やりきれない。この一言に尽きる。
一人の頭のイカれた男のために、未来ある若者の命が奪われた。暴言かも知れないが、あえて言いたい。
オマエが死ねば良かったのに。犯人。
イカレ男が立てこもった理由は、元妻と復縁する、しないのゴタゴタだと言う。単なる家庭内のイザコザに、銃まで持ち出したのだ。一体何がしたかったのか。立てこもり最中に地元のFM局に電話し、自分の主張を聞けと迫ったと言う。その内容というのが「元妻が復縁を拒んでいて・・・」というものだったと言う。悩み相談室か。本当に、一体何がしたかったのだ。
己の信念に殉ずる覚悟もなく、追い詰められた末の行動でもなく、ましてや国家への暴力的反逆行為でもない。ただの痴話喧嘩。銃で妻と子供を威嚇してたら、騒ぎが大きくなって警察が来てしまったというしょうもなさ。どれだけはた迷惑な男なのだ。「キ○ガイに刃物」という形容が、これほどぴったり来る状況は他にはあるまい。
殉職した林警部は、若冠23歳。去年結婚して、娘が生まれたばかりだったと言う。優秀な警察官で、精鋭部隊SATに抜擢された。将来が嘱望された人材だったのだ。そんな人が、一人のイカレ男の凶弾に倒れたのだ。それも、不幸な偶然が重なったと言う。防弾マフラーに一度当たって弾が下方向に兆弾し、わずかな隙間から鎖骨に入ってしまったのだそうだ。弾が当たった所には頚動脈があり、それが致命傷になってしまった。

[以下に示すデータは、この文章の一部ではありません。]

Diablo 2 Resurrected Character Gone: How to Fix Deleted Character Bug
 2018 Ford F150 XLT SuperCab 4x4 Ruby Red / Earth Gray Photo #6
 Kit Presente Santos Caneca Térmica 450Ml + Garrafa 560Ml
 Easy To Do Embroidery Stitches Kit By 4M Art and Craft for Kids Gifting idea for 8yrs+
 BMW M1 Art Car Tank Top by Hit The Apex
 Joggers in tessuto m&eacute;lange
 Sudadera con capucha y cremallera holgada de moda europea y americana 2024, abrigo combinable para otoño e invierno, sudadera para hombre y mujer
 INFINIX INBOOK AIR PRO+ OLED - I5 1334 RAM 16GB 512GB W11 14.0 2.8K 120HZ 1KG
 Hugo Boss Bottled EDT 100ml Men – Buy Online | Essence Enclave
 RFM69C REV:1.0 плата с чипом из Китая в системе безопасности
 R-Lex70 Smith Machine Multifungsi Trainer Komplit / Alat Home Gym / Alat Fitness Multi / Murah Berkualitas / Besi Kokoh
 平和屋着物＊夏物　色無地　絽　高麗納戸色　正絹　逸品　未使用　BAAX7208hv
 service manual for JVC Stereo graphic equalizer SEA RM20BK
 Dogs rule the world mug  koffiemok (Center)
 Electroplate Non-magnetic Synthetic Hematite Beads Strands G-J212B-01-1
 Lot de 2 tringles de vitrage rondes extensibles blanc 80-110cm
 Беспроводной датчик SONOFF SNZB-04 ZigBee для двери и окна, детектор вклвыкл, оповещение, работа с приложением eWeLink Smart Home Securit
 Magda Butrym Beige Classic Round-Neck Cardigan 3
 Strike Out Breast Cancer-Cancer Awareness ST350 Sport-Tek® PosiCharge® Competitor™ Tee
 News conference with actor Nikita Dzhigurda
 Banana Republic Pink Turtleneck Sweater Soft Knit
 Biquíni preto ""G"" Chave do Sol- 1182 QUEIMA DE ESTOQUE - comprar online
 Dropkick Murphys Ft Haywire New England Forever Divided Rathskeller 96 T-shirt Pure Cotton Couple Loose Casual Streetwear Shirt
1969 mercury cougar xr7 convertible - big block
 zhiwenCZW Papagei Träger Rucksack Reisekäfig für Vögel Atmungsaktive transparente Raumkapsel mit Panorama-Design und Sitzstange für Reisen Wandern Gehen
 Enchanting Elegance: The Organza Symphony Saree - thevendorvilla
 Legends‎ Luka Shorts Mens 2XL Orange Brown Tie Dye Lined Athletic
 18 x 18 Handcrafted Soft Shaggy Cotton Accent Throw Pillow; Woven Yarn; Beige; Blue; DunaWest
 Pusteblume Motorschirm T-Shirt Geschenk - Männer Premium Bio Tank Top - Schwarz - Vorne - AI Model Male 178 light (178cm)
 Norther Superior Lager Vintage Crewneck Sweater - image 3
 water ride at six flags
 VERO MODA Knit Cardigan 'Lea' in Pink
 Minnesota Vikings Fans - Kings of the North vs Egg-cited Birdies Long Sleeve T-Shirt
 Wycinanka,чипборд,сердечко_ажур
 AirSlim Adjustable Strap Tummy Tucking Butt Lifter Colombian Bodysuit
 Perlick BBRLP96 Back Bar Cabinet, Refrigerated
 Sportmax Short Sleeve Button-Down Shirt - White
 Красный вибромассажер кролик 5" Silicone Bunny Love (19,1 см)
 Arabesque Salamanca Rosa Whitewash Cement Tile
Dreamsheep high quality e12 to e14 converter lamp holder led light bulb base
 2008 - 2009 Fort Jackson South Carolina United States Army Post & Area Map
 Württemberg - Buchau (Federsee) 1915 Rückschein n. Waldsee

無念だったろう。誇り高き精鋭部隊、まさか自分が死ぬとは思ってもみなかっただろう。SATは、銃を持った相手を制圧するための、あらゆる訓練を受けていると言う。素人が撃った、たった一発の銃弾で命を落とすことになるとは・・・運が悪かったとしか言いようがない。気の毒でならない。こんな事件で死んでしまうなんて。
犯人は元々DV夫で、妻は一人、DV被害女性のためのシェルターに一時避難していたらしい。シェルターの住所も連絡先も男には秘密だったらしいから、元妻の方から連絡を取るか、偶然会わない限り、接触はありえない状況だったそうだ。偶然街中で会ってしまったのか?それとも、置いてきた子供たちが心配になって、戻ってしまったのか・・・?どちらにしても、元妻とイカレ男の接触が無ければ、こんな事件は起こらなかったのにと思うと、やるせない気持ちになる。もちろん元妻に責任は無いが・・・。
犯人は、死刑になるのだろうか?感情的には死を以て償うべきだと思うが、恐らくそうはならないんだろうな・・・。ならば、せめて、この先「楽しい」とか「幸せ」だとか思うことが一度も無く、ただただ貧しく、虚しく、苦痛に満ちた辛い毎日を送りながら、90歳の天寿をまっとうして欲しい。